In an effort to curb puppy and kitty mills, the Toronto city council approved a new resolution that restricts the kinds of pets shops can sell. Now, pet shops will only be allowed to sell dogs and cats that come from a shelter, a Humane Society or a registered rescue group.

The National Post reports on the reaction of one of the people behind the law:

“I think we’re the second major municipality in Canada to do this, so that from coast to coast, we’re going to protect dogs across this country,” said a jubilant Councillor Glenn De Baeremaeker, who had championed the partial ban.

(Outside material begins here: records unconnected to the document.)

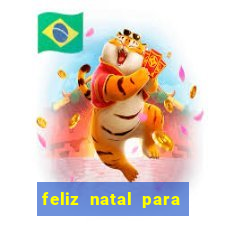 feliz natal para imprimir e recortar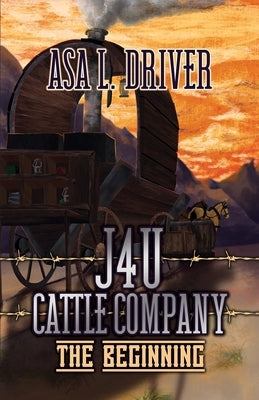 J4U Cattle Company: The Beginning by Driver, Asa L.
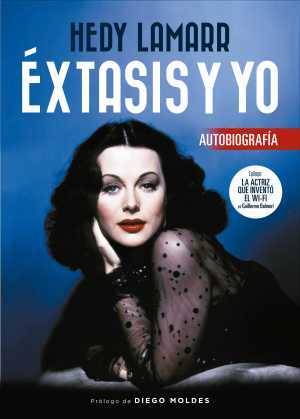 Portada del libro HEDY LAMARR. ÉXTASIS Y YO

“For all intents and purposes we’ve shut the taps to the puppy mills at retail locations in Toronto. We won’t eliminate them because people will still sell at Kajiji and there is other ways to sell puppy mill dogs, so those evil people will continue but there’s a lot less demand for their product,” said Mr. De Baeremaeker. “Eventually, hopefully, there won’t be any puppy mills at all.”

Dan Karpenchuk reports for NPR’s Newscast that the ban comes after news of a massive puppy mill bust in Quebec. Karpenchuk filed this report:

More than 500 dogs were taken from the mill by authorities in what could represent the largest case of animal cruelty in Quebec’s history. The animals are now in the care of Humane Society. Many of them are suffering from skin and respiratory problems. A representative of the society says the operation involved some of the worst conditions she’s ever seen.

It’s just the kind of tragedy that prompted the action by Toronto’s city council. Many animal rights activists hope the action by the country’s largest city will furhter the movement to ban or restrict pets being sold in shops across Canada.